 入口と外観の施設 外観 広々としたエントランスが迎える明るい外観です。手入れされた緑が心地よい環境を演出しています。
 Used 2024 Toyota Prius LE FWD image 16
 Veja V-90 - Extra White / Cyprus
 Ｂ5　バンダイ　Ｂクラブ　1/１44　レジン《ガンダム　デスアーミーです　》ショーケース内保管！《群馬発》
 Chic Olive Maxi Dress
--------------------
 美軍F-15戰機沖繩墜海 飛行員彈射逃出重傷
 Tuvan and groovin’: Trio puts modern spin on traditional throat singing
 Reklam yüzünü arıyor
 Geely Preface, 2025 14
--------------------
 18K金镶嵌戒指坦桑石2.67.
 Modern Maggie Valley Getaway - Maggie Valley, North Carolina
--------------------
Only the lines above starting with the one with "入口と外観の施設 外観 広々としたエントランスが迎える明るい外観です。手入れされた緑が心地よい環境を演出しています。" and going through the one with "Chic Olive Maxi Dress" are to be copied, word for word and with both ends kept.

 入口と外観の施設 外観 広々としたエントランスが迎える明るい外観です。手入れされた緑が心地よい環境を演出しています。
 Used 2024 Toyota Prius LE FWD image 16
 Veja V-90 - Extra White / Cyprus
 Ｂ5　バンダイ　Ｂクラブ　1/１44　レジン《ガンダム　デスアーミーです　》ショーケース内保管！《群馬発》
 Chic Olive Maxi Dress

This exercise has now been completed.